Control experiments in establishing this CRPC cell model revealed VCaP cells are definitely androgen-sensitive, thus DHT (10 nM) could induce AR promoter activity. Most important for this project was, however, that there is no such activity from the compound 8β-VE2 (Supplementary Figure 1).

Testing of the efficacy of the ERβ-specific agonist 8β-VE2

The different stages of ADT represented by VCaP rev, VCaP, and VCaP AA were used to investigate the effect of ERβ activation on increasing ADT stages. Therefore, the cells were treated with the ERβ-specific agonist 8β-VE2, and cell survival, apoptosis induction and gene expression were examined. First, different dosages of 8β-VE2 were tested in VCaP cells to determine drug efficacy (Supplementary Figure 2). Concentrations of 5 μM and 25 μM 8β-VE2 showed significant reduction of cell survival and induction of apoptosis and were used for further experiments. A concentration of 50 μM 8β-VE2 led to a diminished expression of housekeeping genes (data not shown), and were therefore excluded from further experiments.
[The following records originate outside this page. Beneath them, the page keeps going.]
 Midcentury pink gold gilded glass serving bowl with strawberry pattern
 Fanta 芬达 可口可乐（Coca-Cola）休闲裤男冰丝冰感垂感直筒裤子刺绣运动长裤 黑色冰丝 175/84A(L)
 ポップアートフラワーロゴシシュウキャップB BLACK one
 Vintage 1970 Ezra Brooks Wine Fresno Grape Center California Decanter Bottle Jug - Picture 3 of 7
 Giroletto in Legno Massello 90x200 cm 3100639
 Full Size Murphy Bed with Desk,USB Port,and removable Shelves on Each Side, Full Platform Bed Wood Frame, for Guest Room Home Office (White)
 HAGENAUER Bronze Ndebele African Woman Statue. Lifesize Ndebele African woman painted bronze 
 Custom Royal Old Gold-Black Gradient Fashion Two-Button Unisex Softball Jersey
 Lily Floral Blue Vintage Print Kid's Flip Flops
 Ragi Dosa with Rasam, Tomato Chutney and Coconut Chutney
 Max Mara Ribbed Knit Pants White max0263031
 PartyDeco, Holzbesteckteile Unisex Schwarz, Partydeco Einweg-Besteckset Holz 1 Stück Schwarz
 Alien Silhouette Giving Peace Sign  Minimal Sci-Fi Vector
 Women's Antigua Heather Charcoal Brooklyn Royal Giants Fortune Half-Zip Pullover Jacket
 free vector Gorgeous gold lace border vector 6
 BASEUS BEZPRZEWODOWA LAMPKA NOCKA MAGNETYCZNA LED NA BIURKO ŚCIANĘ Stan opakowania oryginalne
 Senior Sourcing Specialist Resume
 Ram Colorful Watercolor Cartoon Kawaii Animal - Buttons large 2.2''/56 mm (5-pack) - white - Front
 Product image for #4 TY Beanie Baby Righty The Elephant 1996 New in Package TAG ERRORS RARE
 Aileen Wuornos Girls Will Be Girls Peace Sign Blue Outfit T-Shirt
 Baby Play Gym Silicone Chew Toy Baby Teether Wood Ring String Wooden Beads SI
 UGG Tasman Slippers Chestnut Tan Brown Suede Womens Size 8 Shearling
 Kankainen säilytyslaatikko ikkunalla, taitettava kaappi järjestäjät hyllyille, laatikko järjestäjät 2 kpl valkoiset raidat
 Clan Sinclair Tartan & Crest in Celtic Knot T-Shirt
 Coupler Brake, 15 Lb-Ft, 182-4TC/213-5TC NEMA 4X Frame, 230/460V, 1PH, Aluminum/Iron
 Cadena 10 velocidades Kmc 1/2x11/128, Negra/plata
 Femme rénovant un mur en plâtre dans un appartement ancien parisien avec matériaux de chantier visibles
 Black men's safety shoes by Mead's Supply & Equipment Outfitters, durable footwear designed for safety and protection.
ERβ activation led to AR and ARV downregulation in ADT in VCaP and VCaP AA cells

Because AR signaling based on AR overexpression and the occurrence of AR splice variants was retrievable in our cell model of therapy through the sequence of intensifying ADT and is indicated by PSA progression as in clinical surveillance, we evaluated the effect of ERβ activation on AR expression. In the least malignant and androgen-sensitive stage, as indicated by low AR expression, 8β-VE2 treatment of VCaP rev cells did not further improve their low malignancy. On the contrary, especially under high concentrations of 8β-VE2, AR expression was significantly upregulated at both the mRNA and protein level (Figure 2A, 2B). Therefore, ERβ targeting as a first-line antiandrogen measure is not an option. However, in castration resistance and, most tellingly, at the brink of therapy resistance, AR mRNA was downregulated in VCaP cells by 40% and in VCaP AA cells by 70% (Figure 2A). Concordantly, AR protein expression decreased by 52% in VCaP cells and by 90% in VCaP AA cells after 8β-VE2 treatment (Figure 2B). In 8β-VE2-treated VCaP AA cells, the expression of ARVs was also remarkably downregulated by 72%. Activation of ERβ in VCaP AA cells with 5 μM 8β-VE2 already induced the desired downregulation of AR and ARVs, and further downregulation of the expression of AR and ARVs was obtained using 25 μM 8β-VE2 (Figure 2B).

Treatments with 8&#x03B2;-VE2 lead to downregulation of AR and ARVs in androgen-deprived prostate cancer cells.

Figure 2: Treatments with 8β-VE2 lead to downregulation of AR and ARVs in androgen-deprived prostate cancer cells. (A) mRNA expression of the AR was measured by quantitative RT-PCR. VCaP rev, VCaP, and VCaP AA cells were treated with DMSO, 5 μM 8β-VE2 and 25 μM 8β-VE2. AR expression was strongly reduced after treatment with 8β-VE2 in VCaP control and VCaP AA cells. In VCaP rev cells, upregulation of AR mRNA expression could be observed. The data represent the mean±s.d. of three independent experiments, which were performed in duplicate. * P<0.05, ** P<0.01, *** P<0.0001 compared with DMSO control. (B) A representative western blot is shown of VCaP rev, VCaP, and VCaP AA cells treated with DMSO, 5 μM 8β-VE2, or 25 μM 8β-VE2. Total protein was extracted, and immunoblots were probed with AR-specific or ERβ-specific antibodies. A reduction in protein expression of the AR was detected in VCaP and in VCaP AA cells after 8β-VE2 treatment. In 8β-VE2-treated VCaP AA cells, the expression of ARVs was remarkably downregulated. In contrast, VCaP rev cells with low initial expression showed upregulated AR expression. In all three cell populations, downregulation of ERβ protein was observed at high 8β-VE2 concentration. The data represent two independent experiments, which were performed in duplicate. α-Tubulin was used as a loading control.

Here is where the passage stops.